As for Intel and AMD, McKernan said "the [processor] market is segmenting into two camps," which he identified as the low-power market, to which Crusoe is specifically targeted, and the speed market, which Intel and AMD occupy.
"Transmeta felt [it] had a different approach that was novel and unique enough and harkens back to the days of what RISC [reduced instruction set computers] stood for, a simple design that made for a low-cost, and in Transmeta's case a low-power, chip," said Richard Partridge, a senior research analyst at D.H. Brown Associates.
Partridge believes that Transmeta's premise was that advances in processor fabrication from companies such as AMD and Intel would eventually "drive processor clock rates so far beyond what people need" that the focus of development would shift from faster speeds to more efficiency, such as extended battery life through power conservation and system optimisation. At such a time, Transmeta would be there as a leader in processor efficiency, Partridge said.
"[Transmeta] knew that if [it] took a far different approach and extended battery life, then that would be something significant, rather than having a machine that runs a hundred times faster. They are betting technology will improve and that they will bring the power savings," Partridge said.
Intel made no official comment concerning Ditzel's remarks, but a company source suggested that the real reason Transmeta chose to develop its Crusoe processor from a software angle rather than along the guidelines of Intel's architecture was to avoid prosecution from Intel.
Unlike AMD, Transmeta does not have a cross-license agreement from Intel to build Pentium-style processors, the source said.

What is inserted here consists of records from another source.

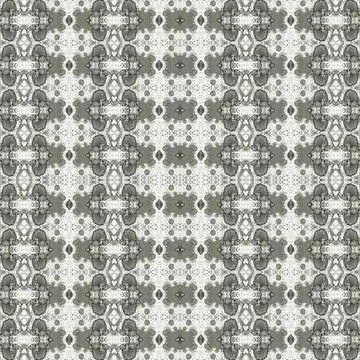 Seamless abstract pattern. Art creative background. Woven texture Stock Illustration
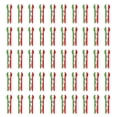 thumbnail image 1 of QLUEWX 50PCS Soccer Cheer Stick Balloons, 24.4" Inflatable Hand Held Soccer Balloon Sticks for Game Day Viewing, Fan Gatherings, Sports Bar Party Decor & Soccer Party Favors, 1 of 3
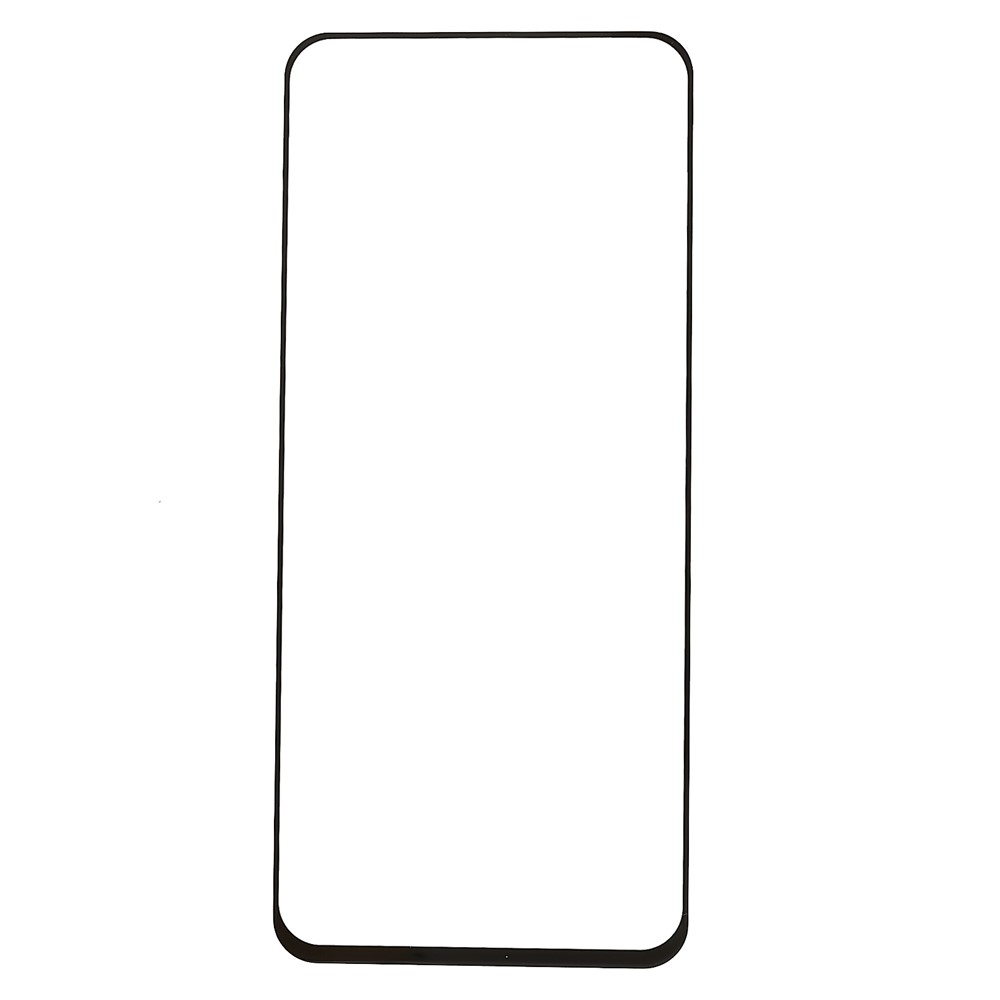 For Motorola Edge (2022) 5G Full Covering Tempered Glass Film Full Glue Silk Printing Black Edge Anti-scratch Screen Protector-2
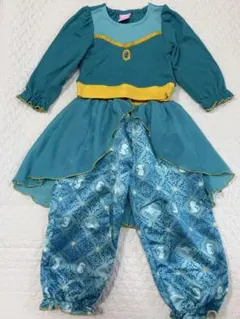 ジャスミンコスプレ上下セット90センチ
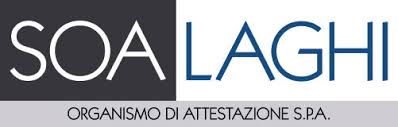 Certification Soa Laghi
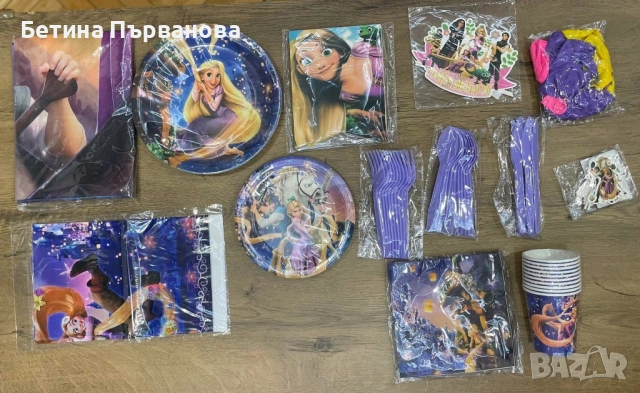 Парти артикули, снимка 7 - Други - 53152860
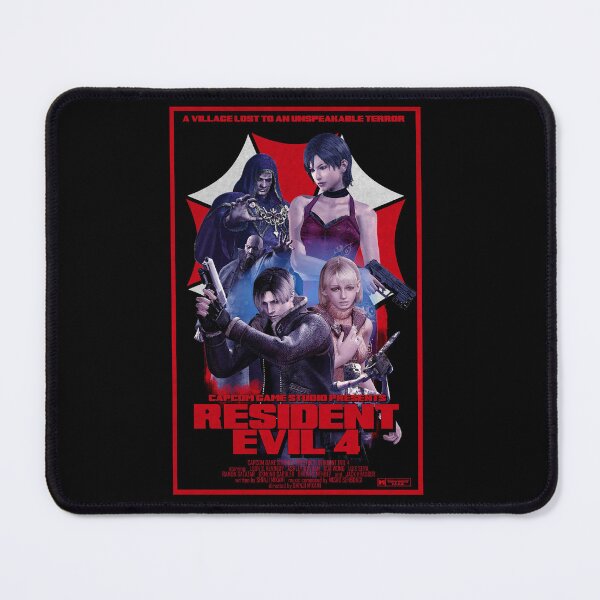 Item preview, Resident Evil 4 designed and sold by Rose-999.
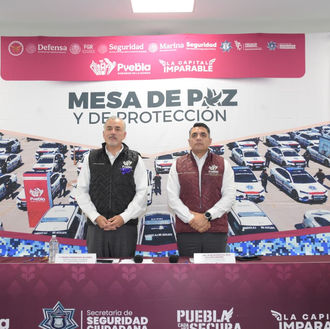 Operativo del 8M en Puebla deja saldo blanco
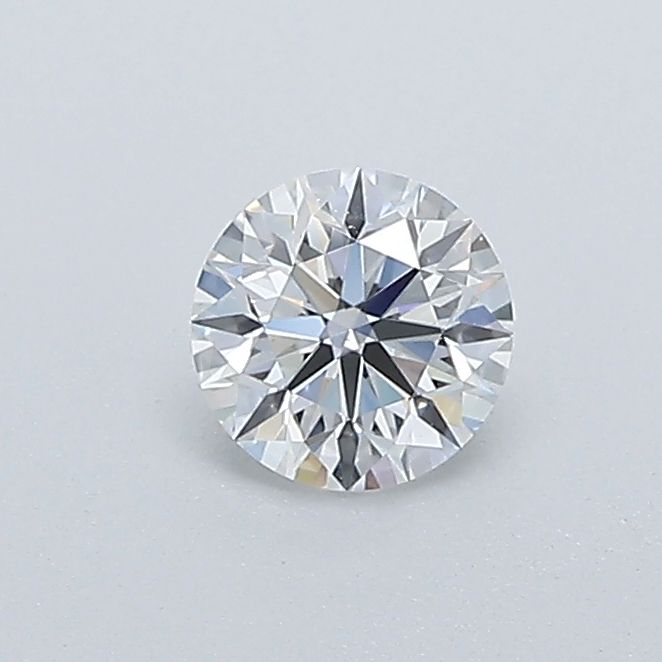Diamond Natural 0,38Ct F-VS1 Round - GIA2424870151 1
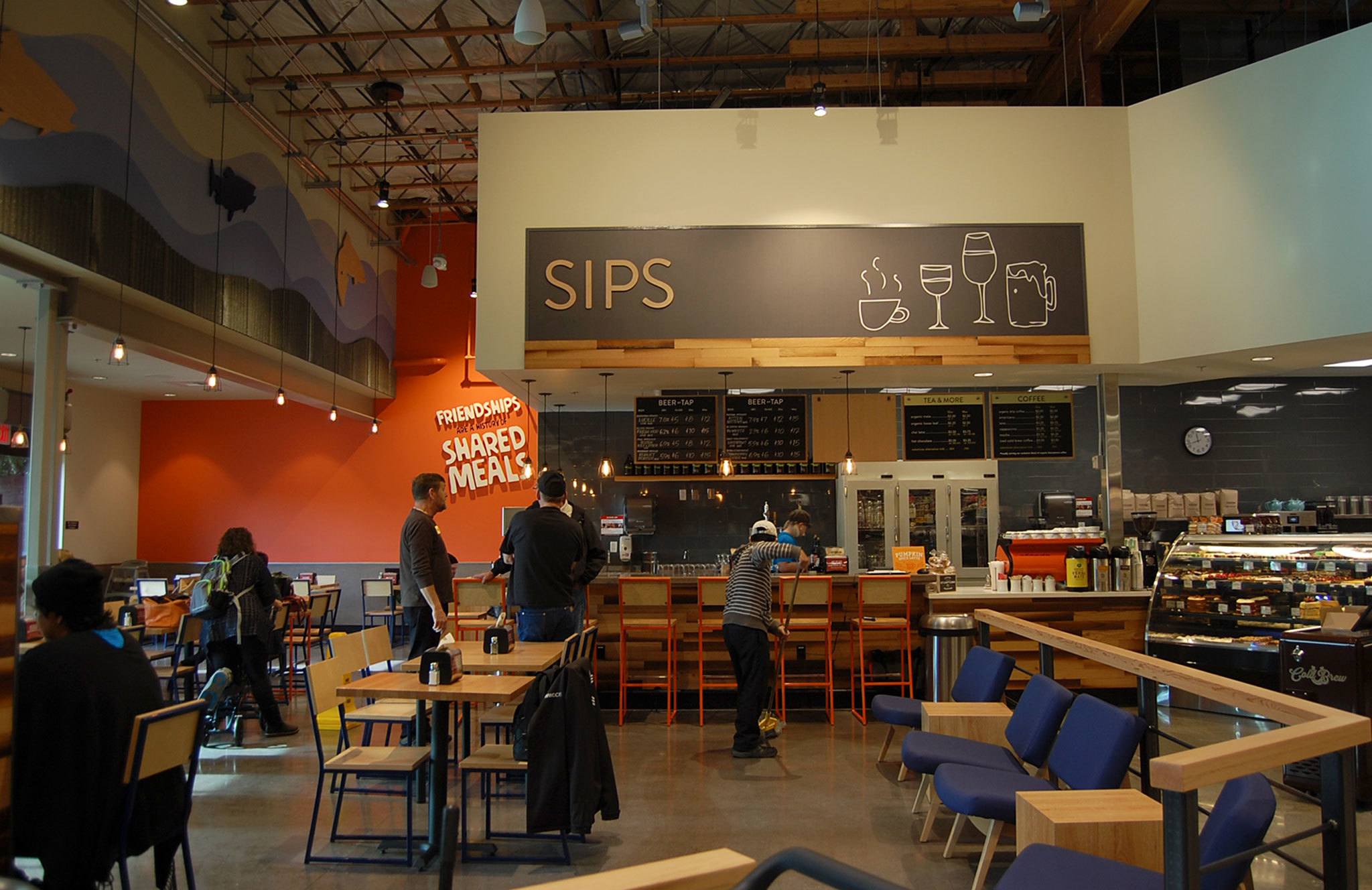 Mercer Island New Seasons is officially open | Photos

If Transmeta had designed Crusoe as a Pentium clone, "the only way Transmeta could have produced it would be in a protected foundry," said Dean McCarron, an analyst at Mercury Research.
A protected foundry would be a company that has a patent cross-license agreement with, in the case of Transmeta, Intel, McCarron explained, citing an incident in the late 1990s in which VIA Technologies Cyrix was sued by Intel over the Intel-like design of VIA Cyrix's M-2 processor.
A court threw out the Intel suit when it was discovered that VIA Cyrix was producing the chip in plants that did possess the proper Intel cross-licenses, namely IBM. and Texas Instruments, McCarron said.
"We went down a different path because we saw the advantage to the software approach," Transmeta's McKernan said.